Dieter schichtet gerade Holzscheite darauf, und Costin kann nur hoffen, daß er selbst in seinen, also Costins, kurzen Lederhosen, seinem Leinenhemd und seinen Haferlschuhen eine bessere Figur macht als Dieter. Spiegel in der Hütte ist ja nicht.
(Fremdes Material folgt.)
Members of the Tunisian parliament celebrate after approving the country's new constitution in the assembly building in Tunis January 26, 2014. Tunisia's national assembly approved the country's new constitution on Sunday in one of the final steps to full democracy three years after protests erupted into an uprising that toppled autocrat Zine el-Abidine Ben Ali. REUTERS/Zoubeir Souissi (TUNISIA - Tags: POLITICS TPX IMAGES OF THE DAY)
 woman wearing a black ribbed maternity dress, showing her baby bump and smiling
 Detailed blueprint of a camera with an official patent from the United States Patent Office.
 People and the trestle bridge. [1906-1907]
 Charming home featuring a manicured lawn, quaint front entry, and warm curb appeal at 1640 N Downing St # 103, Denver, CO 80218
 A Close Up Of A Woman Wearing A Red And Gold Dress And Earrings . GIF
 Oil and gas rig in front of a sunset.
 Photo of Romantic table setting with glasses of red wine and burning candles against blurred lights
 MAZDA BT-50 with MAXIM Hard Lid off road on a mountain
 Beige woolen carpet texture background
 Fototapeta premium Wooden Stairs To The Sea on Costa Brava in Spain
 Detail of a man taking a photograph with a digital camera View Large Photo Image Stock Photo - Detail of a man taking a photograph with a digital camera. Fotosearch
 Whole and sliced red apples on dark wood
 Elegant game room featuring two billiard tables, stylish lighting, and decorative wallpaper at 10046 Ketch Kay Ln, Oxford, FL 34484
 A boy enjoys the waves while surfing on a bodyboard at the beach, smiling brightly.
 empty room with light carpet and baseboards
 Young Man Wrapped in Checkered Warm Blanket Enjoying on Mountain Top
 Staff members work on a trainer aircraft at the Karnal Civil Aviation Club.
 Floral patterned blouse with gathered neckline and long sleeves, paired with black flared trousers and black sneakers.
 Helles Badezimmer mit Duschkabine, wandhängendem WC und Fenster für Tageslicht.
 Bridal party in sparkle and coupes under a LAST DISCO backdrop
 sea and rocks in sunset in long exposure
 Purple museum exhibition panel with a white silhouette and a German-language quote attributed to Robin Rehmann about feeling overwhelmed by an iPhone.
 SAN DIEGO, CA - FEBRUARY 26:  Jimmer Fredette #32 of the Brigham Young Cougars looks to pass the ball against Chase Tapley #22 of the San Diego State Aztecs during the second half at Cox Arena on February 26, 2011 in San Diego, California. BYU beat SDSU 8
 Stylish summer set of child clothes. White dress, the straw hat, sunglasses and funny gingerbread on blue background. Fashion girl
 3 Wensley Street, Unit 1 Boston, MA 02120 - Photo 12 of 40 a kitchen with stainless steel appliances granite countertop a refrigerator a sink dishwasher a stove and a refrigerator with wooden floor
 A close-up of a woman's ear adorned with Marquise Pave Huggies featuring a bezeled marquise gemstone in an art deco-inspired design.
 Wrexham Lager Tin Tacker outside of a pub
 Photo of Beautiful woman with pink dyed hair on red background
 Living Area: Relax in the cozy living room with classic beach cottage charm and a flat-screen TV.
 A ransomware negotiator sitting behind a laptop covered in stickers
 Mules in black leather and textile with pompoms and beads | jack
Auch Aylin legt ihr Reisigbündel auf den Leiterwagen, stemmt die Hände in die Hüften, sagt „Puh“ und „Also das mit dem Schlachten, hey, also daß ich heute da mitmache und mit euch dieses Schwein schlachte, also, daß überhaupt der Rudi geschlachtet wird, das könnt ihr ja knicken.“

Dieter widerspricht: „Vor 150 Jahren, Aylin, da haben sich die Leute auch nichts geschissen. Schlachten ist etwas ganz normales. Das gehört zum Leben auf der Alm und überhaupt so auch sonst dazu.“

Costin hält sich da diesmal raus, denkt sich aber natürlich seinen Teil; daß zum Beispiel das ja so klar war, daß Aylin, Ex-Kika-Moderatorin und Oktober-Playboy-Bunny (siehe Ex-Kika-Moderatorin!), das Leben hier auf der Alm wesentlich schlechter wegsteckt als das Stehaufmännchen Dieter, der mal als Comedian lange vor Costins Zeit Erfolg hatte, Costin kennt ihn nur aus ein paar Schwarzweiß-TVSketchen, die manchmal zu Silvester laufen, daß Dieter überhaupt noch lebt, hatte er gar nicht gewußt. Diese Schiene — Aylin: Frau Etepetete, Ich-bin-sensibel, Zickzick, Dieter: Mr. Schlechte-Witze-am-laufenden-Band, har, har — sind die beiden schon bei der Vorbesprechung mit den anderen gefahren, die Schiene fahren sie auch jetzt —, egal, ob mit Kamera, so wie jetzt, oder ohne.

Costin selbst, der ja, wie ihm jetzt auffällt, tatsächlich für einen Moment den Kameramann direkt neben sich eigentlich total vergessen hatte, hat sich ja, als die Show losging vor einem Monat, ein bißchen an seine PingPongs-Casting-Zeit erinnert. Zuerst immer nur wenn die Kamera da war: Adre-nalin-Rush, der Kick, Quasselquassel, gute Performance; sobald Kamera aus: schlaff, boah, bin ich müde, boah, kein Bock. Dann war es ab einem bestimmten Punkt, nach ein, zwei Wochen, plötzlich egal gewesen, ob er gerade gefilmt wurde, er hatte sich einfach konstant, sogar auf dem Klo oder im Bett, wo garantiert nicht gefilmt wurde, so gefühlt (siehe Kick), als sei da gerade irgendwo irgendwer im Dunkeln, oder besser: irgendwas, das auf ihn gerichtet sei, das ihn registriert.